I don't think this essay is actually bad. It's just a very good look inside the mind of a person who would have been very happy as a society lady in the salons of pre-Revolutionary France. The line about the picture of her manicure and the Sontag book made me think of any of the supporting characters in the 1996 movie "Ridicule".
I disagree with your first statement quite strongly and I agree with everything else you said. I haven't seen Ridicule? Do you recommend? What's it about?
Ridicule is great. It's about pre-Revolutionary France.
Oh interesting. What is it about this type of woman that makes you think of the upper classes in pre-Revolutionary France?

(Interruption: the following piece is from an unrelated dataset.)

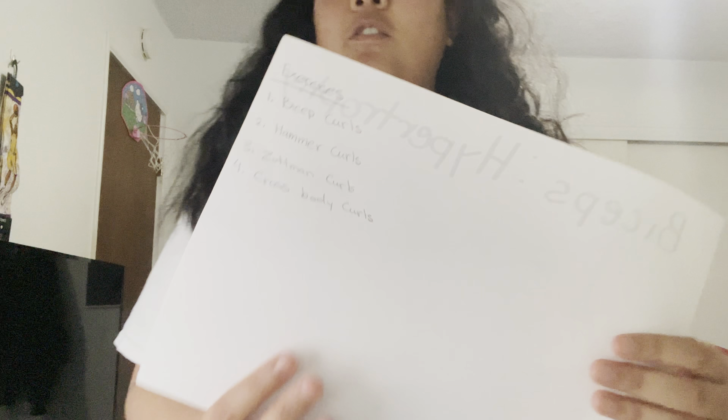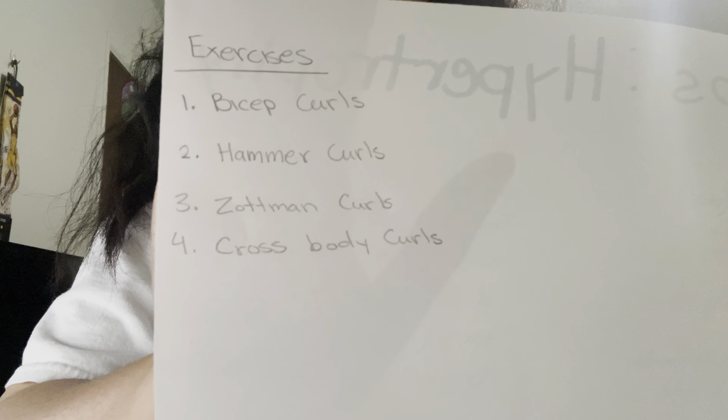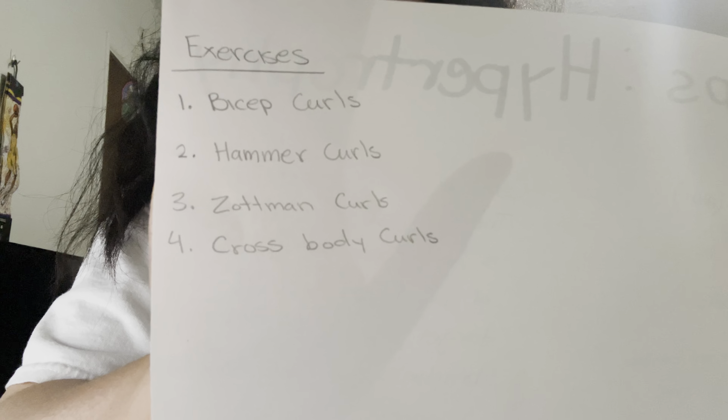Here are the four exercises I have chosen to perform: bicep curls, hammer curls, Zottman curls, and cross body curls. For each of these exercises, I'm planning to do four sets of 10 reps, with about a 45-second break in between each set. The amount of weight I'm using — my load — would be 10 pounds, which is 60% of my repetition max.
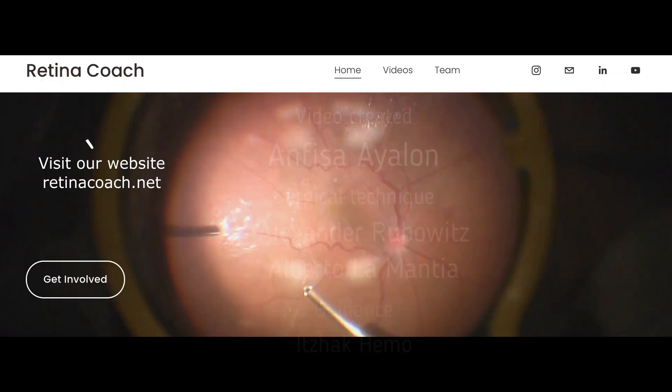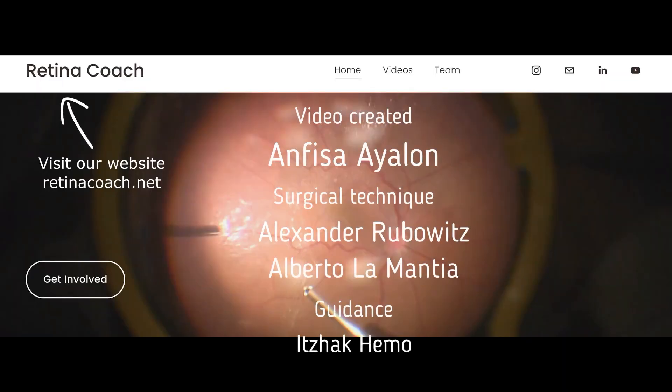Then fluid-air exchange was done for retinal flattening, followed by endolaser and endotamponade with gas. You are welcome to visit our website, subscribe to our channel, hit the like button, and share our videos. Thank you for your attention.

I'm sorry but I cannot stand to read more endless reams of words from a young American liberal arts graduate who believes that because she is young, female, white, upper middle class, pretty and went to college, she actually writes pieces that have real quality and value.
It's not a nice essay, Leah. You believe that because you're in the bubble. To people outside of it, it's just more navel-gazing, self-involved, self-obsessed bullshit from the current crop of young, white, pretty, college-educated women who have decided that they are 'writers'. You can't be a real writer just because you decided to put some words to your precious little self-involvement.
I would have gone with Joanism as a description, since Joananism sounds like the female version of Onanism...although that's really what a lot of this stuff is: intellectual masturbation. The essay isn't terrible and I don't blame the mentioned demographic for getting caught up in it. After all they started further up Maslow's hierarchy than I did. They have to fill their privileged hours with SOMETHING.
Why are the women in this group given to this sort of melancholic affectation? It's like this rambling attack of dysthymia that they have to type out. How come the men of this socioeconomic class don't get these attacks of rambly, self-obsessed melancholia?